# Spelling?



## LadySlipper (Mar 8, 2019)

How long did it take you to learn how to spell the proper names of the all beautiful orchids and other flowers I see on the forum? I'm impressed with the flowers (all of them), but even more so with the spectacular spelling of their names.

So, how long did it take you?


----------



## mrhappyrotter (Mar 8, 2019)

One thing that can be helpful is with time you start to see the patterns in how names are latinized. And if you spend time with and around other orchid people (or watch videos of orchid people) pronouncing the names, it helps with spelling since latin names are usually pretty consistent and phonetic.

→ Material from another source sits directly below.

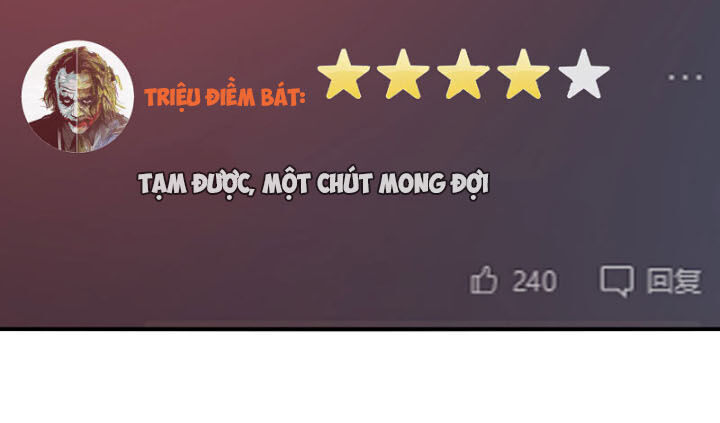 Từ Hôm Nay Bắt Đầu Làm Người Giàu Nhất Chapter 174 - Trang 2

I think it also helps to be young. 10 - 15 years ago I could remember how to spell everything quite well. Now, I end up doing a quick search to confirm the spelling (which is easier to do on the desktop) and sometimes even then I get it wrong. Also, adding the names to the browser spell check makes a difference.

Even then, I still struggle with common stuff. I have about a 50/50 chance of spelling philippinense right and it's one of my favorite Paph species.


----------



## Linus_Cello (Mar 8, 2019)

Don’t bother. There will be a taxonomic revision by the time you master the spelling


----------



## xiphius (Mar 9, 2019)

Spelling is overrated. That's what google is for. 

That said, I am actually decent at remembering the spelling for most of the common genera and species I grow... pronunciation is another matter entirely! I have heard them pronounced almost as many ways as I have seen them (mis)spelled!


----------



## Tom-DE (Mar 9, 2019)

Orchid name spelling is important. If spelling is wrong, it would not pop up on your google search or the search here. I would encourage people to spell out the full name(genus name and the species name, O/C also the hybrid) especially on the thread title.
Responsible hobbyists/forum members should/would post correct information(names, growing advice....) on public forum, not a bunch of BS to get attention. If you can't remember the spelling, take a look at the plant label it came with(most of time, the spelling on it is right) and copy it down...that is easy, isn't it? If you're still in doubt about the spelling, check it out on some free reputable websites, like IOSPE(International Orchid Species Encyclopedia).
Old names are okay to me and many people. They seem to remember the old genus name better.(I am not trying to have a discussion on name changes)....maybe it is just me, people don't even spell out words half of the time these days.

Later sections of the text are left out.